Unreservedly backed by MPs from his ruling Hindu nationalist Bhartiya Janata Party (BJP) and those from the opposition, Modi declared that India was determined to “identify, track and punish each of the culpable terrorists and their backers” - a euphemism for Pakistan’s military and political establishment.

“We will pursue them to the ends of the earth and India’s spirit will never be broken by terrorism,” Modi declared at a public rally in eastern Bihar state last week, speaking uncharacteristically in English in a bid − said commentators − to convey India’s aggressive intent to the world.

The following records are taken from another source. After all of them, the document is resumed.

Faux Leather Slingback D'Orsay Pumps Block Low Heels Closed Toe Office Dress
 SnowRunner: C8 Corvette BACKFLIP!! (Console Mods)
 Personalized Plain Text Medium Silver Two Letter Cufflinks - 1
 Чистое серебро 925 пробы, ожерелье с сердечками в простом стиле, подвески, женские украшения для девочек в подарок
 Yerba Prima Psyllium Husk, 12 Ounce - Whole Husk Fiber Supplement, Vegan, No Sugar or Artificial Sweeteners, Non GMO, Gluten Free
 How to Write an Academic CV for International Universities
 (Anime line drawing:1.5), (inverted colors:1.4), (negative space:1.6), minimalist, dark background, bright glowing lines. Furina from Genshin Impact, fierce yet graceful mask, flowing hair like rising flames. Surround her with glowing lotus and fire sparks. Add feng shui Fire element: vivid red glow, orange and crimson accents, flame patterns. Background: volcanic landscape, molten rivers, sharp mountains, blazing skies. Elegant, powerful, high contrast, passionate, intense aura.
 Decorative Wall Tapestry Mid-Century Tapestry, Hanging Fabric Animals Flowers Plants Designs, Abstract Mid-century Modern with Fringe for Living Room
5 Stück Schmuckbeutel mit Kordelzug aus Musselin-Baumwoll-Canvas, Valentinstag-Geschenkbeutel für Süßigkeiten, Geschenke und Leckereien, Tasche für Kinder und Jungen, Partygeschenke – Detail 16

In his monthly nationwide radio broadcast to the country, Modi further declared on Sunday that the “perpetrators and conspirators of this attack [in Kashmir]” would be served “the harshest response”.

The prime minister also received strong support for his stance on social media, as well as from television news channels, newspapers and military veterans, including former service chiefs of staff, all of whom have advocated rooting out the “terrorists’ sponsors” in Islamabad.

On the day after the Pahalgam attack, India retaliated by placing “in abeyance” the bilateral Indus Waters Treaty, a river water-sharing pact between the neighbours, brokered by the World Bank in 1960 after negotiations lasting a decade. Pakistan has described this move as an “act of war”.

India also called for a sharp reduction of staff at the respective high commissions in Delhi and Islamabad, withdrawal of defence attaches, closure of the only land border between the neighbours and expulsion of all Pakistani nationals.

Pakistan responded by threatening to suspend the Simla Agreement of 1972, signed after its third war with India since independence, closed its airspace to Indian flights and cut off all bilateral trade.